# Does Rohloff have to use special cranks?



## aBicycle (Jun 13, 2012)

Do you have to use special cranks with a Rohloff or could I just use the inner ring on my double cranks?


----------



## fokof (Apr 24, 2006)

It's a 54mm chainline , so basicaly your big ring should do it.


----------



## rifraf (Dec 22, 2012)

Yeah, chainline is whats important. So its dependent on chain-ring position and bottom bracket length.
I use a Thorn crank-set and utilise the middle ring position and a 113mm bottom bracket.
This position will not work with all crank-sets and some bikes will need a longer/shorter bottom bracket.
The specification sheet for most brands of crankset will tell you what bottom bracket length for a set chainline.
From that info you should be able to tell how best to proceed (whether to get a longer/shorter BB or chainring spacers)


----------



## satanas (Feb 12, 2005)

Usually the outer ring on a MTB triple crankset is very close to the correct 54mm chainline - or it was back when the standard chainline (measured at the middle ring) was 47.5mm instead of the 50mm current now.

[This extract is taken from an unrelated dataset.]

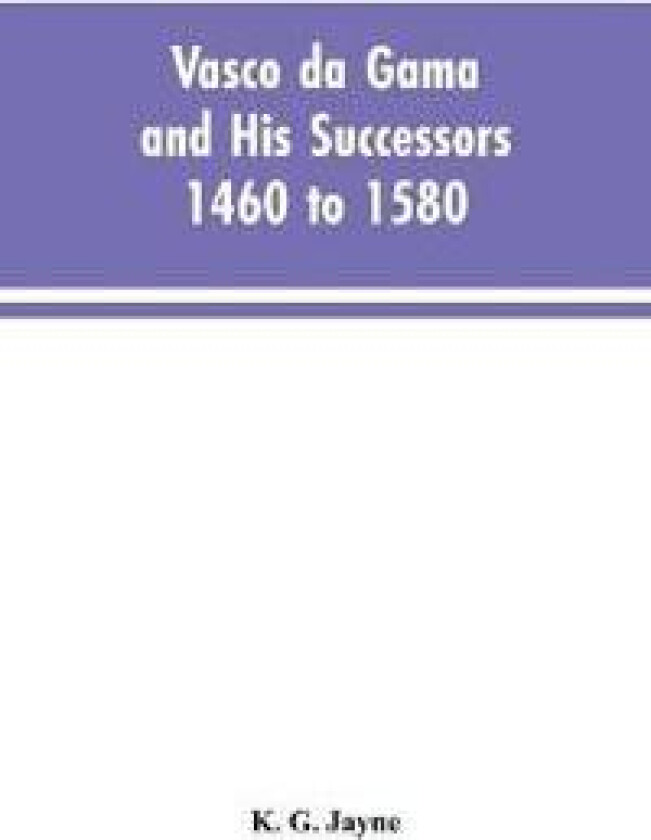 Vasco da Gama and His Successors 1460 to 1580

FWIW, I ended up using a square taper double road crankset with a longer BB (110 instead of 103mm), a 3mm spacer behind the RH cup and with the 2mm Rohloff chainring spacers between the spider and ring. This gives a 54mm chainline with the absolute minimum Q possible on the frame I have, and used a set of cranks that weren't doing anything else.

Although you may be able to get the correct chainline (or close enough) using a more modern crankset, square taper cranks allow much easier customisation of chainline, and of the Q factor(s) on both LHS & RHS.


----------